The fear of a gradual Jewish extinction is why I believe there are so many organizations offering free services to Jewish students. Jews cannot afford to lose any more of their already small population, so it is important to keep the community tight-knit and close to its roots.
So now the question becomes, do these services actually contribute to creating a stronger Jewish community? Or have they merely bred a society of takers? I’d like to stay optimistic and think that the Jewish community at UCLA is admirable for its tikkun olam efforts and overall unity. I am very proud of us as a whole, but I cannot ignore the reality: why is it that when something is offered to us, we run towards it, but when it comes to giving back, we run away?
College is our time to find ourselves, and we therefore believe that it’s in our job description to be selfish during these four years. But it’s not. It’s our job to cultivate ourselves into productive members of society. It is our job to learn and grow into something greater in the future. It’s our job to take as much are we are able to give back, if not more.

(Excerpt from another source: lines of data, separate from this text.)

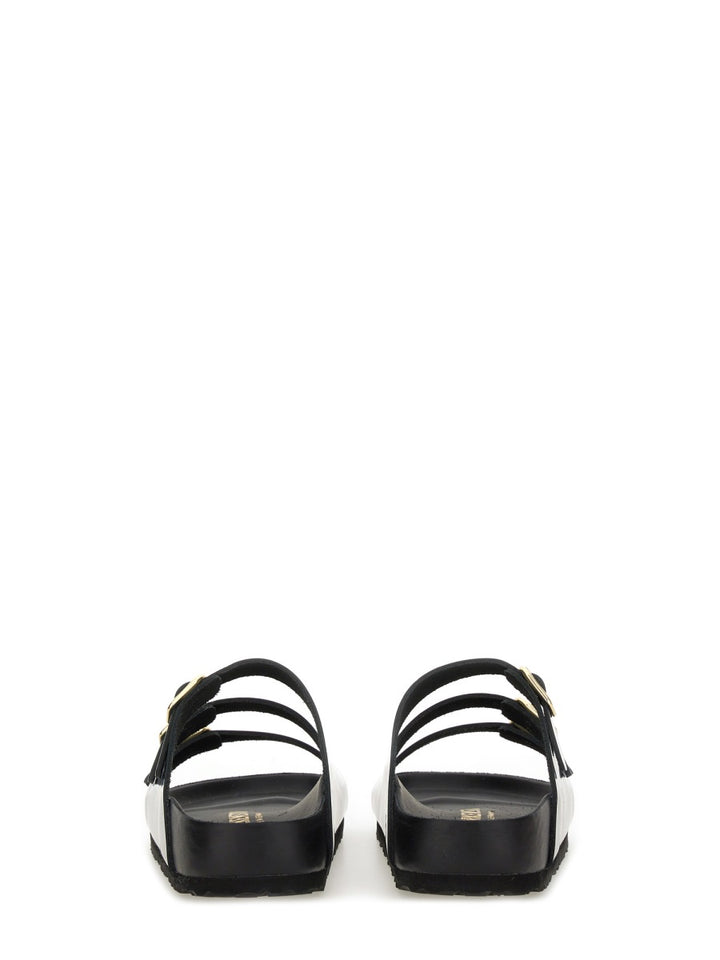 Birkenstock Sandals - Black | 868217465bf6135ed157bf3dda70a5e701994c87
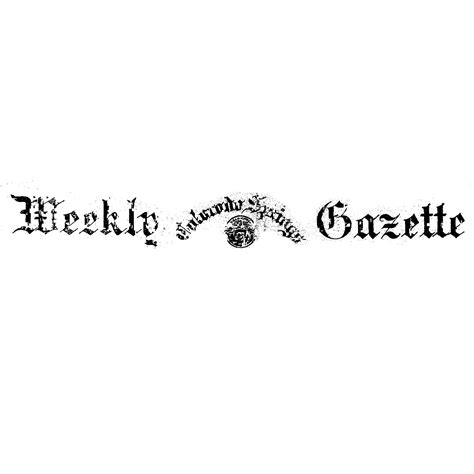 Colorado Springs Weekly Gazette Newspaper Archive : Free Texts : Free ...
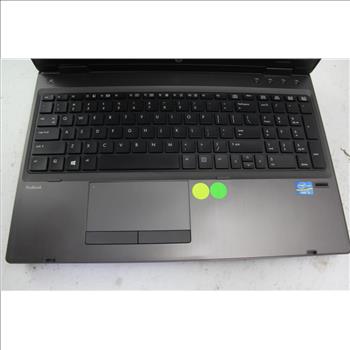 HP ProBook 6570b Notebook PC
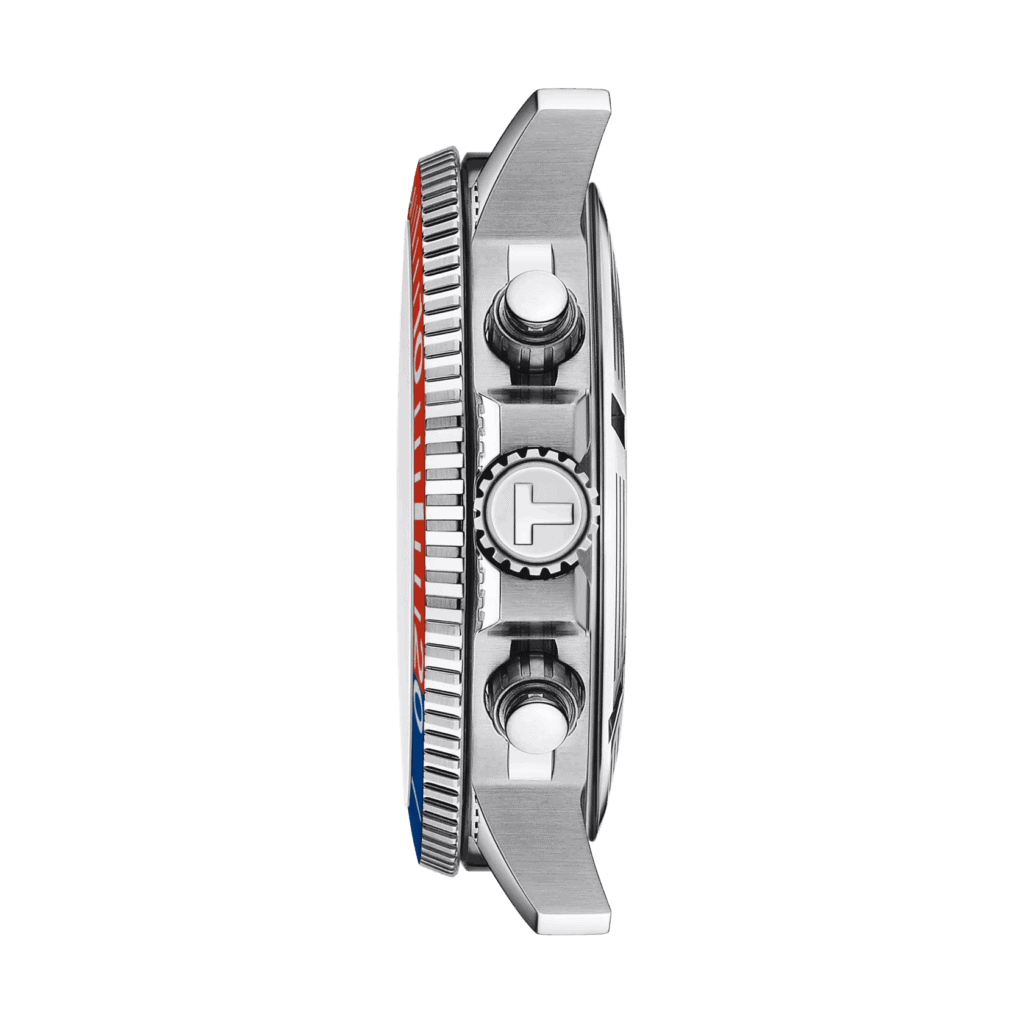 Reloj Tissot Tissot Seastar 1000 Chronograph 45.5mm Azul T120.417.11.041.03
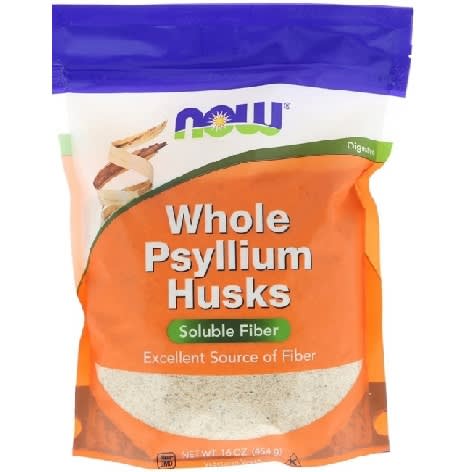 Whole Psyllium Husk - 454g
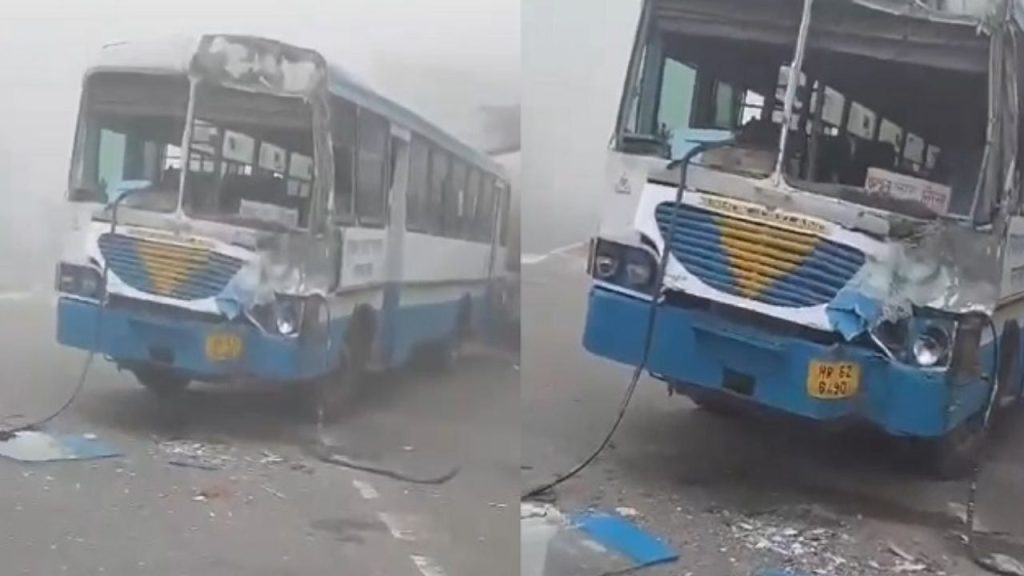 Haryana : फतेहाबाद में धुंध का कहर, नहर में जा गिरी क्रूजर, 10 लोग गायब 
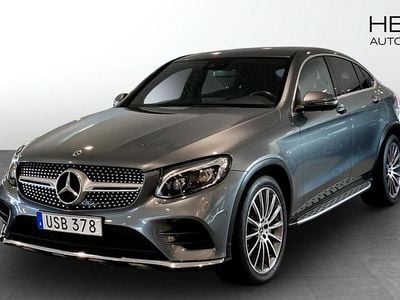 Mercedes GLC350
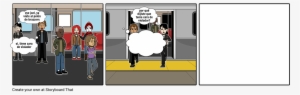 Fisionomia - Cartoon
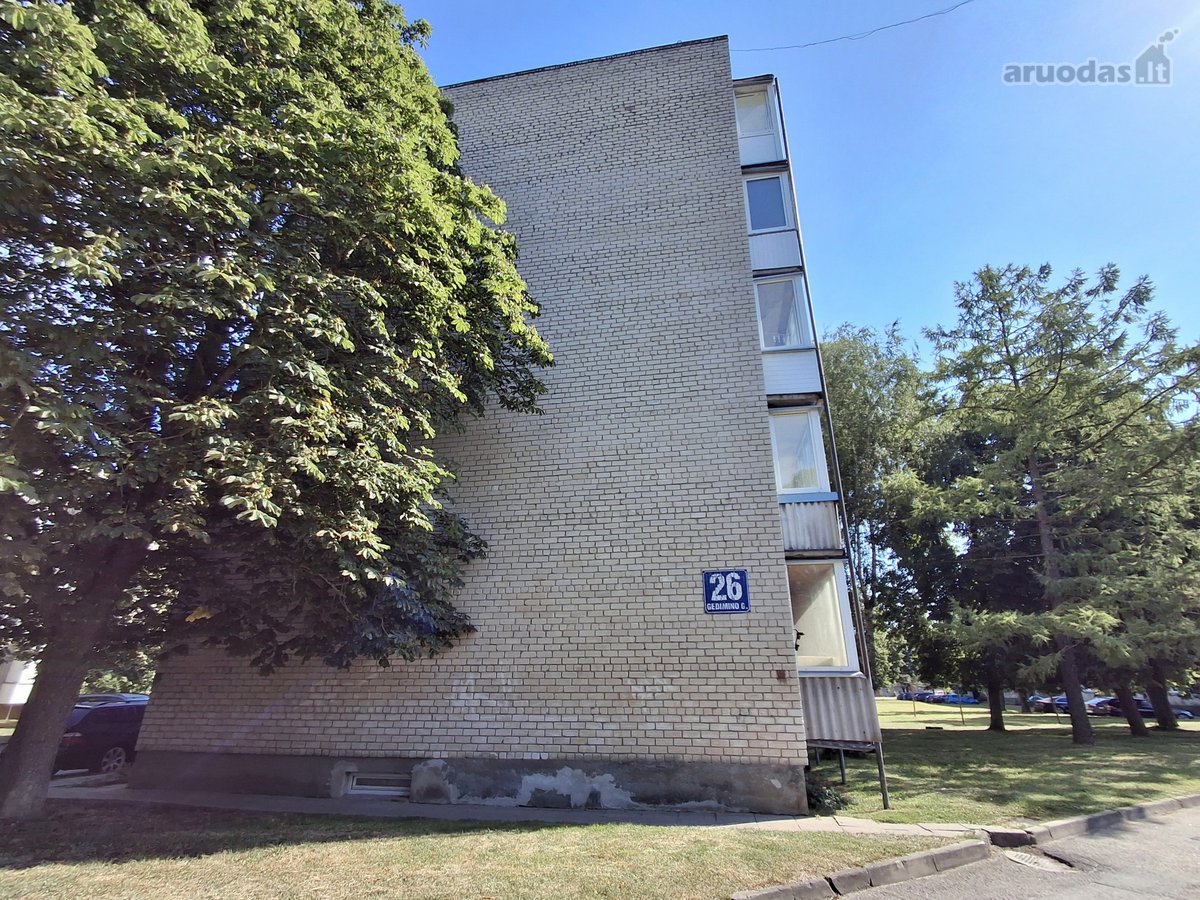 1/2 dalis 2 kambarių buto - nuotraukos Nr. 18
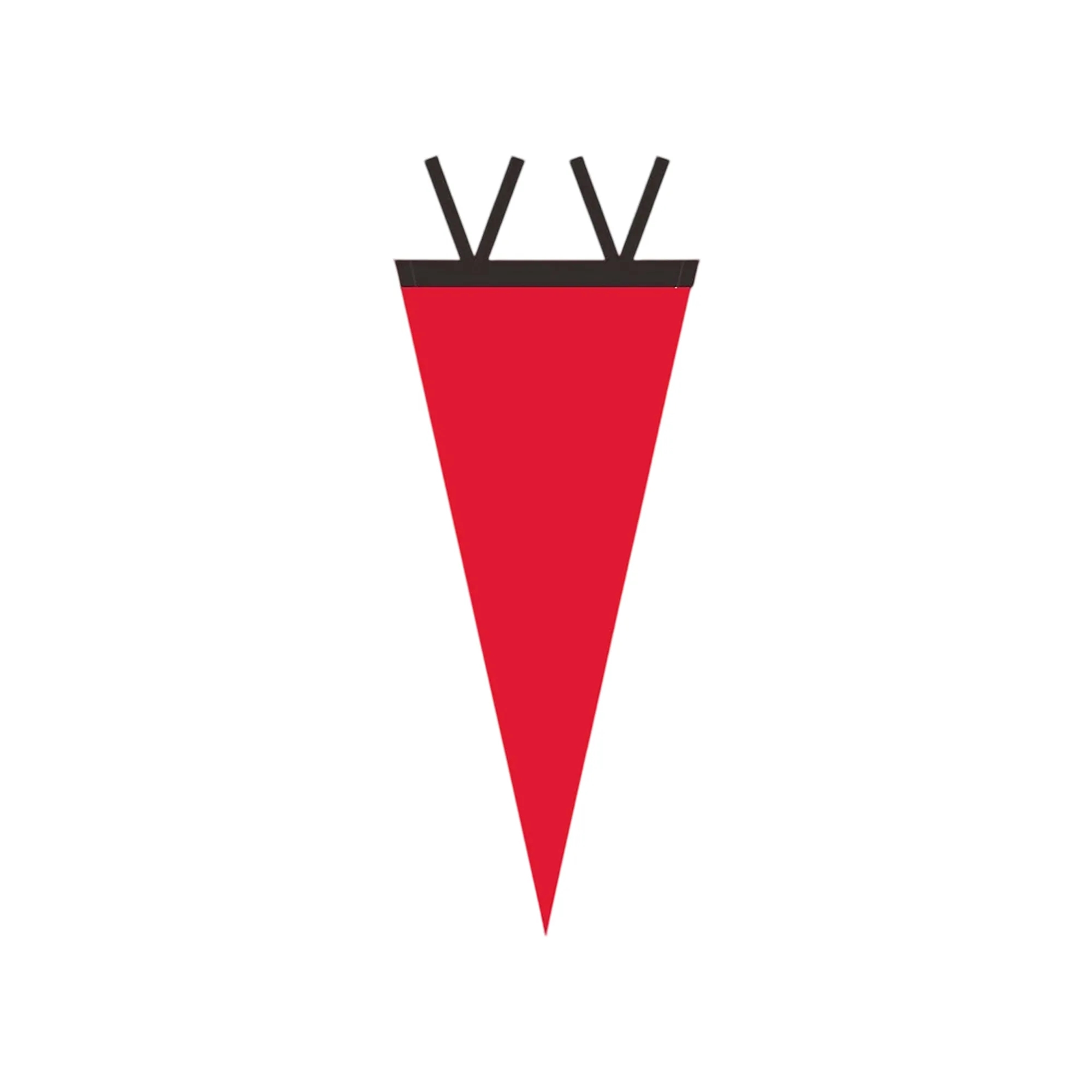 Full-Color Felt School Spirit Pennant 2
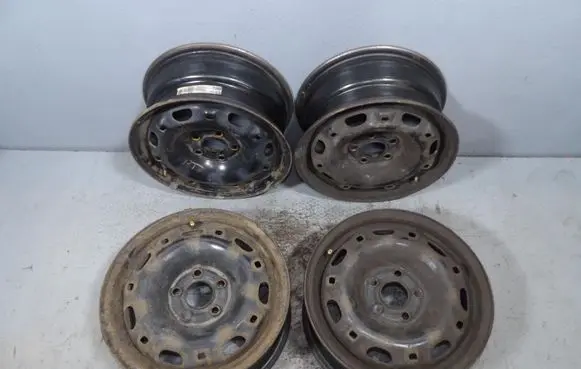 Skoda Fabia Mk1 (6Y) R18 forged rim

My suggestion is to start small. When you’re at a free Shabbat meal, pour your neighbor a cup of water before pouring one for yourself. When the organization of your preference is hosting a fundraiser, contribute chai ($18, about how much you’d actually spend for the food they provide you with). During chagim, send “Chag Sameach” messages to the Jewish Bruins you appreciate. Create a community based on something other than taking — namely, giving.
Yes, we are millennials, a global generation. Yes, we are known for our entitlement and narcissism. But we cannot let this trait define our greater roles and purpose in this world. We must not turn into a society of takers. We must forever be a light unto the nations.